## Task objective
The expected output is the line with "3D rendering The" plus all lines after it to the end of the material below, reproduced exactly, with pictures omitted and nothing else included.

## Source material
[Start of section]
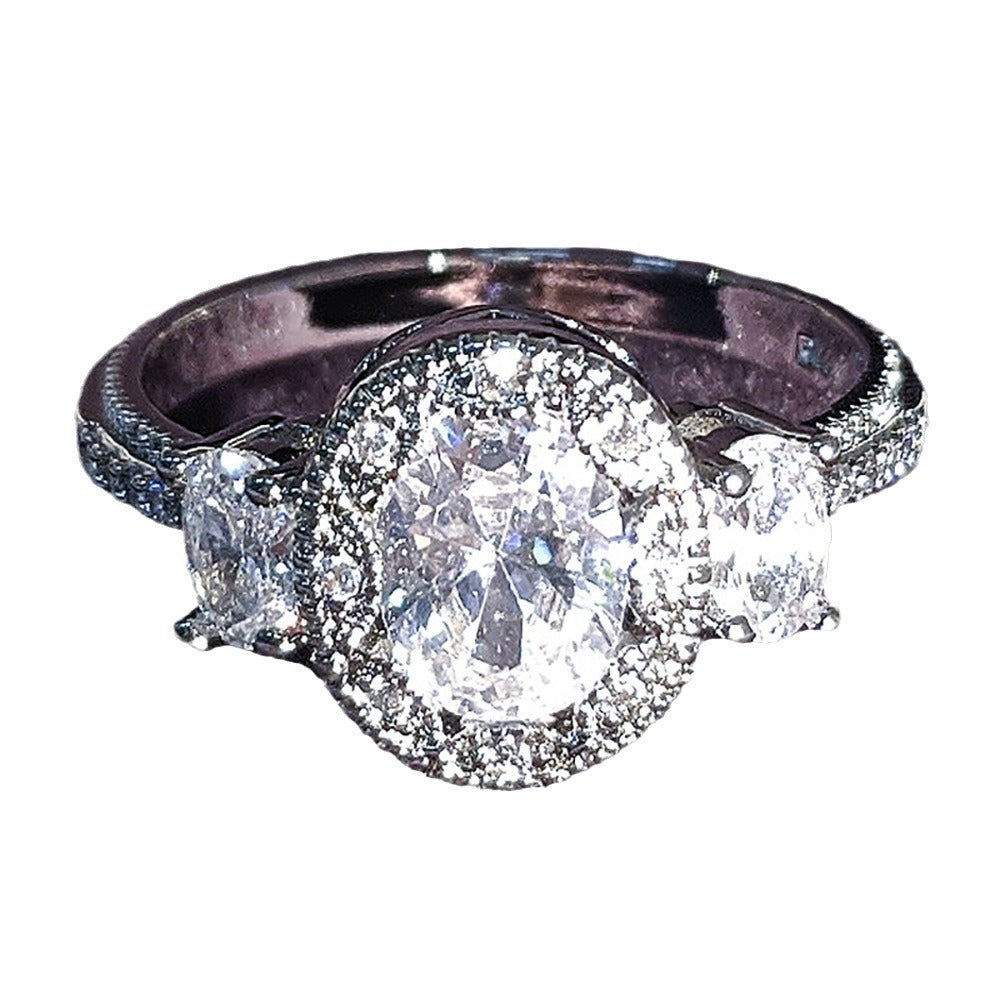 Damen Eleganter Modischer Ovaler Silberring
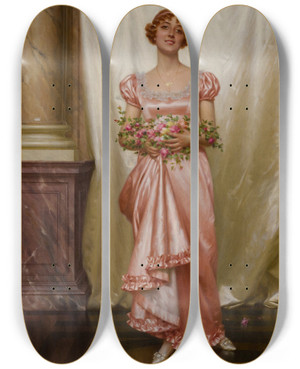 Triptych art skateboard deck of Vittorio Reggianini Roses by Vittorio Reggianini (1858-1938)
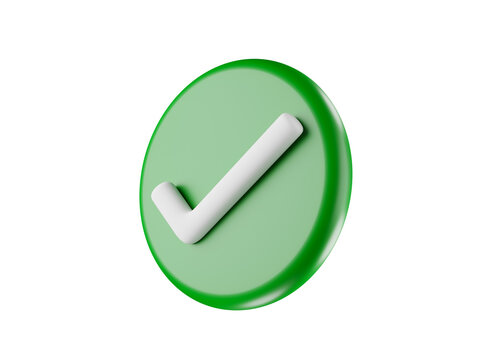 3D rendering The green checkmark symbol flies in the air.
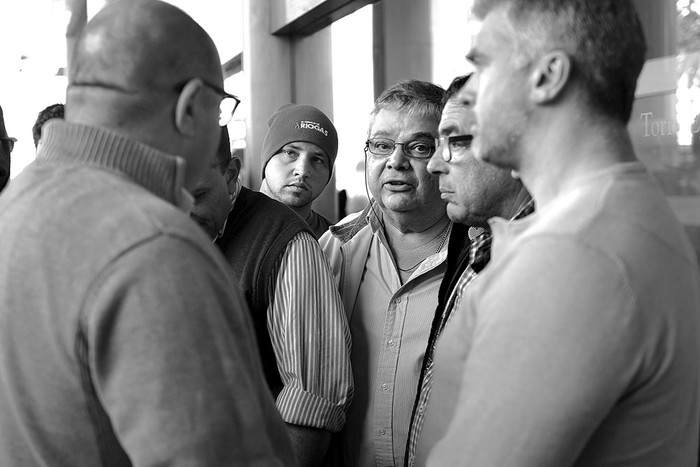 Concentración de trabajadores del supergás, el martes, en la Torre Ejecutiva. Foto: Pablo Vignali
[End of section]
## Final answer
 3D rendering The green checkmark symbol flies in the air.
 Concentración de trabajadores del supergás, el martes, en la Torre Ejecutiva. Foto: Pablo Vignali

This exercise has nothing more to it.